_EXTRACTED MATERIAL:_

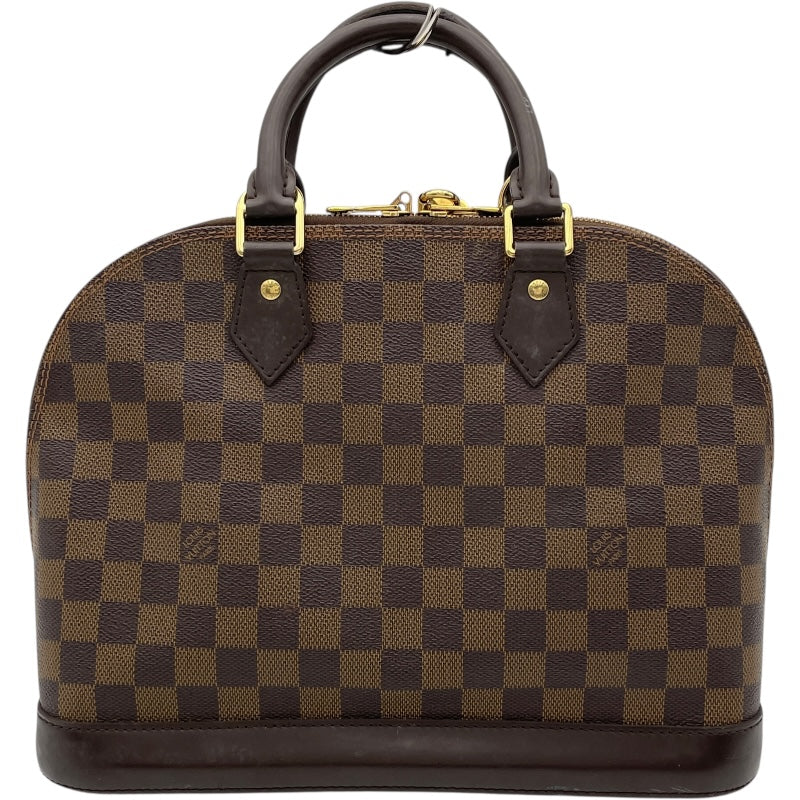 ルイ・ヴィトン LOUIS VUITTON アルマPM N53151 ブラウン ダミエ  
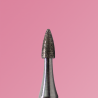 Carbide embout à cuticule en diamant - Pointe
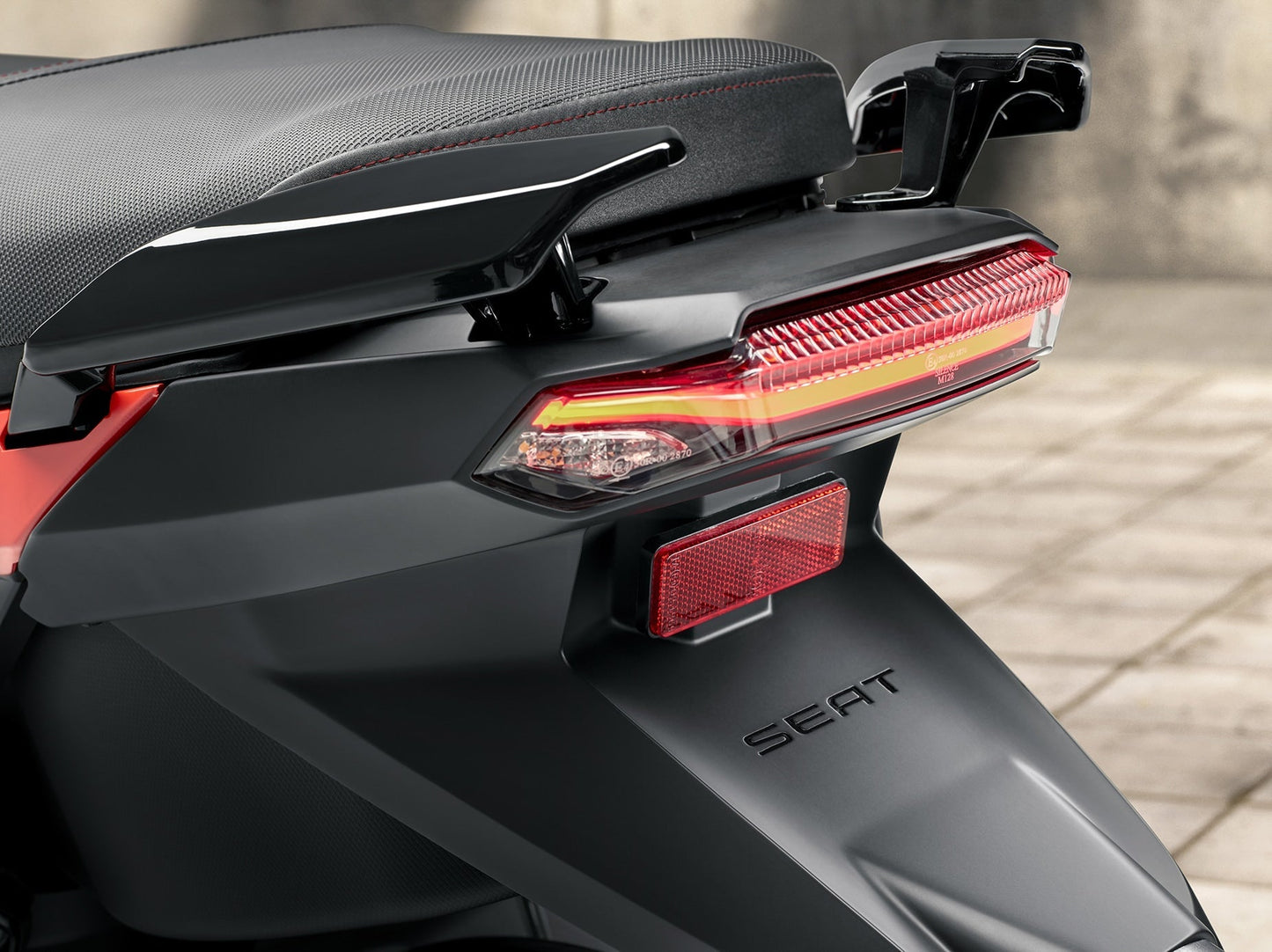 SEAT MÓ 125 Elektroroller weiß - SEAT MÓ Store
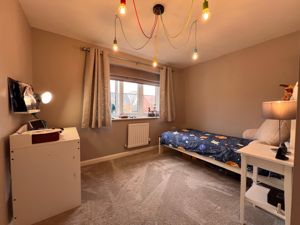 Bedroom Three- click for photo gallery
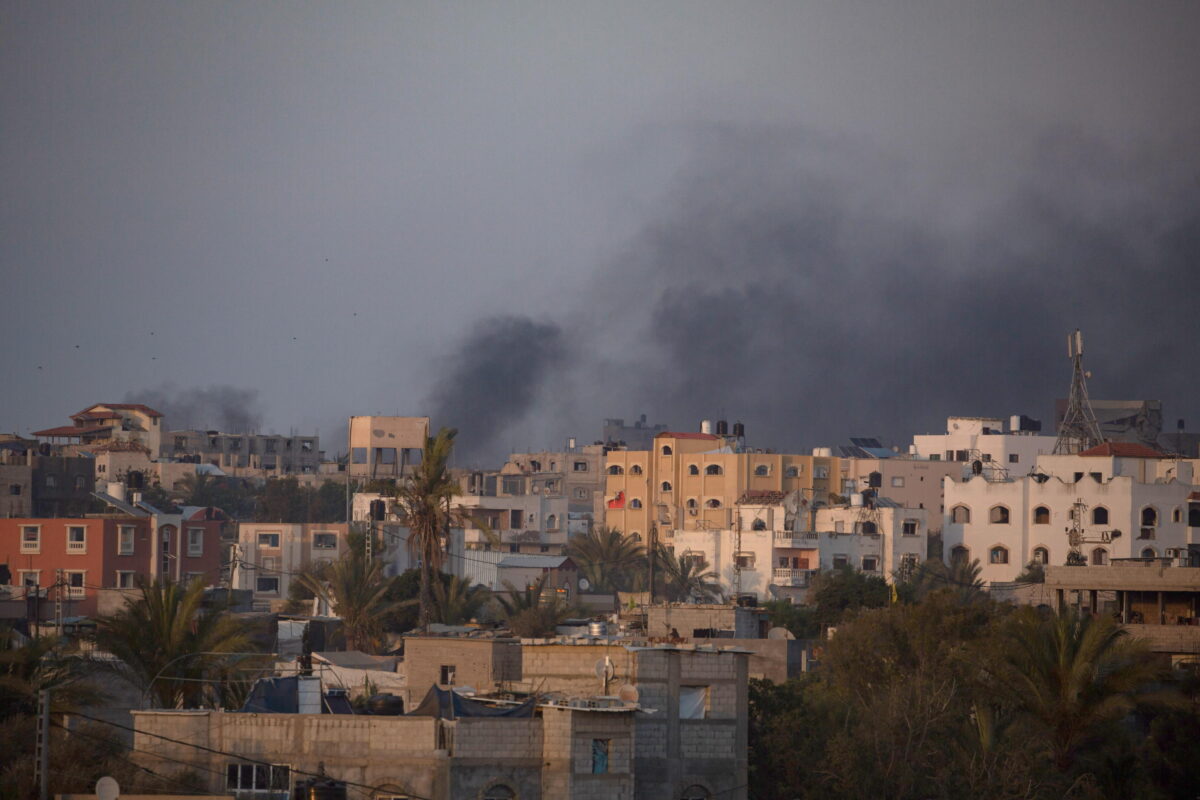 Guerra a Gaza, bombardamento sulla scuola a Gaza: dodici morti e 22 feriti, Onu: “Situazione Critica”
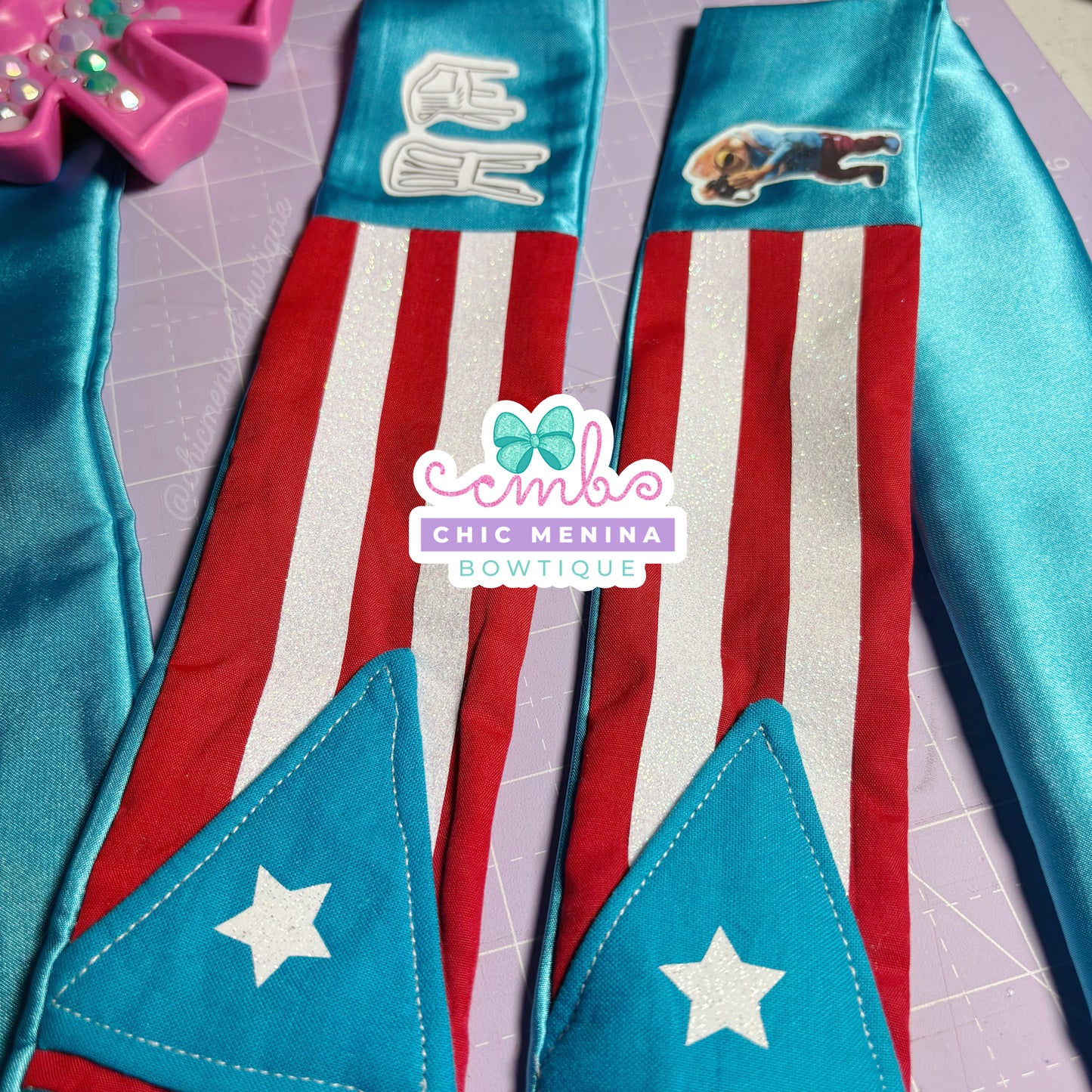 Bandana PR "DTMF EDITION"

_PROBLEM TO WORK ON:_ Pictures should be left out when the records above are restated exactly.

_EXERCISE RESPONSE:_
 ルイ・ヴィトン LOUIS VUITTON アルマPM N53151 ブラウン ダミエ  
 Carbide embout à cuticule en diamant - Pointe
 SEAT MÓ 125 Elektroroller weiß - SEAT MÓ Store
 Bedroom Three- click for photo gallery
 Guerra a Gaza, bombardamento sulla scuola a Gaza: dodici morti e 22 feriti, Onu: “Situazione Critica”
 Bandana PR "DTMF EDITION"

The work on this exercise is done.